TABLE 1.
Immunomodulatory therapies recommended by the Infectious Diseases Society of America (IDSA) and/or FDA for COVID-19 treatment.
| Therapeutic | Adult patient population | Dosing | Potential adverse reactions | Certainty of recommendation |
| Glucocorticoids (Dexamethasone preferred) | Hospitalized and/or severe COVID-19 disease. | Dexamethasone 6 mg IV or PO × 10 days or until discharge. | Hyperglycemia, neurological side effects (agitation/confusion), adrenal suppression, risk of bacterial or fungal infection | Moderate |
| Tocilizumab | Hospitalized with severe COVID-19 disease, elevated inflammatory markers, requiring supplemental oxygen, NIMV, IMV, or ECMO. | Weight < 30 kg: 12 mg/kg IV over 60 min. Weight > 30 kg: 8 mg/kg IV over 60 min. (Maximum dose 800 mg) | Increased risk of infection, gastrointestinal perforation (seen in non-COVID settings) | Low |
| Sarilumab | Hospitalized who meet criteria for tocilizumab, but it is not available. | 400 mg IV over 60 min. | Increased risk of infection | Very Low |
| Baricitinib | Hospitalized with severe COVID-19 disease and elevated inflammatory markers, requiring supplemental oxygen, NIMV, IMV, or ECMO. Also indicated for use with remdesivir when corticosteroid contraindicated. | Baricitinib 4 mg PO daily × 14 days or until discharge. | Increased risk of infection, bowel perforation, thromboembolism, ischemic colitis, elevated transaminases, seizure | Moderate |
| Convalescent plasma (high-titer antibody) | Outpatient or hospitalized, with immunosuppressive disease or receiving immunosuppressive treatment, early in disease course. | NA | Circulatory overload, transfusion-associated lung injury, allergic transfusion reaction, thromboembolism | Low |
Certainty of Recommendation Grades (based on data from clinical trials, and the risk of bias, inconsistency, indirectness, imprecision, and publication bias noted in the studies):
High: Based on data from clinical trials, the true effect lies close to that of the estimate of the effect.

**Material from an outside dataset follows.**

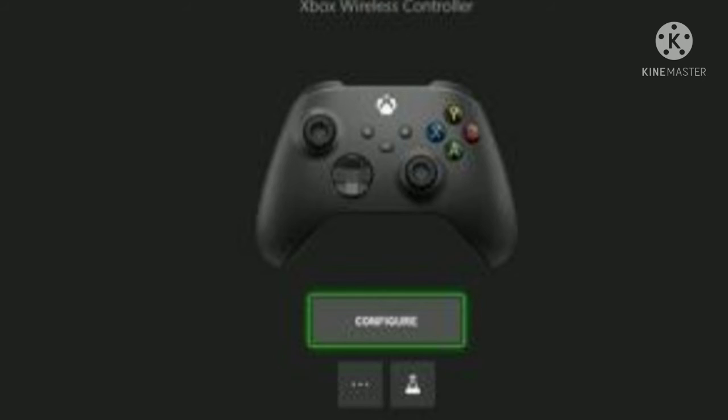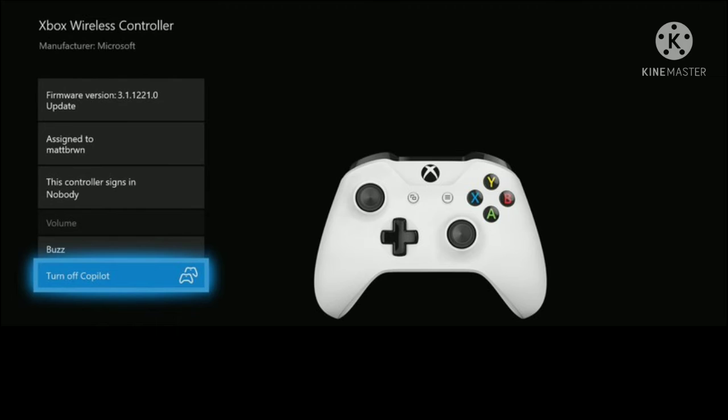So when you get to this page, you just click the three dots button at the bottom of the screen. And then last but not least, you scroll to the bottom and click turn on Co-Pilot, and of course you need two controllers for this. You just turn on the Co-Pilot and then you can play on two controllers with one person.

Moderate: Based on data from clinical trials, the true effect is likely to be close to the estimate of the effect, but there is a possibility that it is substantially different.
Low Certainty: Based on data from clinical trials, the true effect may be substantially different form the estimate of the effect.
Very Low Certainty: Based on data from clinical trials, the true effect is likely to be substantially different from the estimate of the effect.
IV, intravenous; PO, oral; NIMV, non-invasive mechanical ventilation; IMV, invasive mechanical ventilation; ECMO, extracorporeal membrane oxygenation; NA, not applicable.